Da dove arriva il Giorno della Marmotta
La storia della marmotta Phil risale al XIX secolo, quando i coloni tedeschi in Pennsylvania importarono l’usanza europea di prevedere il tempo osservando il comportamento degli animali. La data del 2 febbraio coincide con la Candelora, una festa cristiana legata al passaggio tra inverno e primavera. Da allora, Punxsutawney è diventata una piccola capitale del folklore americano, con migliaia di visitatori che affollano ogni anno la cittadina per assistere alla cerimonia, ormai trasmessa anche in diretta televisiva e streaming in tutto il Paese.
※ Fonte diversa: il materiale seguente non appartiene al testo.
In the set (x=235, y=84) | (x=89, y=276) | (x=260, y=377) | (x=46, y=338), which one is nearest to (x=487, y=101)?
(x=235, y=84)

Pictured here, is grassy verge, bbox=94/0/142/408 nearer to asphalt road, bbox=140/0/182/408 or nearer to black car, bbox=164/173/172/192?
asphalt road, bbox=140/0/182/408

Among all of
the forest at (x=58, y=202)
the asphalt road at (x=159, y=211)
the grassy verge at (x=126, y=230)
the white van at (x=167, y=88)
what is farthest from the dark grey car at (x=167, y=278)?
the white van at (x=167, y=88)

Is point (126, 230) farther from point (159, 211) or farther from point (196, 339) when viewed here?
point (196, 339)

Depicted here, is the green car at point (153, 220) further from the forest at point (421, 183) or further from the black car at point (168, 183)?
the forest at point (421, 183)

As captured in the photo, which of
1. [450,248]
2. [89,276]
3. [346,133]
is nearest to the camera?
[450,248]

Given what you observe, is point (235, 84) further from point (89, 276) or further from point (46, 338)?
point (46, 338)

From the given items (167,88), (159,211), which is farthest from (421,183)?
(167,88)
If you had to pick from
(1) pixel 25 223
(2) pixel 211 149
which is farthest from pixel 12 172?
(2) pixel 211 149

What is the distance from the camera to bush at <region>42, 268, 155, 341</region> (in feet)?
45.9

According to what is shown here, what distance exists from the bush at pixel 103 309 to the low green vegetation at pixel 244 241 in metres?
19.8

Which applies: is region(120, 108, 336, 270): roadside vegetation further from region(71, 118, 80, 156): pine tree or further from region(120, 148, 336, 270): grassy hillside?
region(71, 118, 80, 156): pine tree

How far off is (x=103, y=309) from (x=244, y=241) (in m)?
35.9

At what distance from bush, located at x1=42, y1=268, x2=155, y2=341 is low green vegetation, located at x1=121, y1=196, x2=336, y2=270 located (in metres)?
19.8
Una tradizione, sì, ma senza evidenze scientifiche
La giornata, oltre al rituale della marmotta, è un vero e proprio evento, con tanto di musica, cori, interviste e foto. Altri animali “sostituti” partecipano in diverse località degli Usa e del Canada, ma il protagonista indiscusso resta Phil. Certo, al di là del folklore non c’è alcuna evidenza scientifica che giustichi la tradizione. Secondo la Noaa, l’agenzia statunitense che si occupano di previsioni meteorologiche, le predizioni di Phil sono ben poco affidabili: l’accuratezza si aggira intorno al 35-40%. «Non è la scienza a muovere questa festa, ma il divertimento», commenta un meteorologo locale. E a testimoniarlo è il fatto che la tradizione non solo continua a resistere, ma è ormai entrata nel linguaggio comune, con l’espressione «Giorno della marmotta» che viene usata per descrivere qualcosa di monotono e ripetitivo.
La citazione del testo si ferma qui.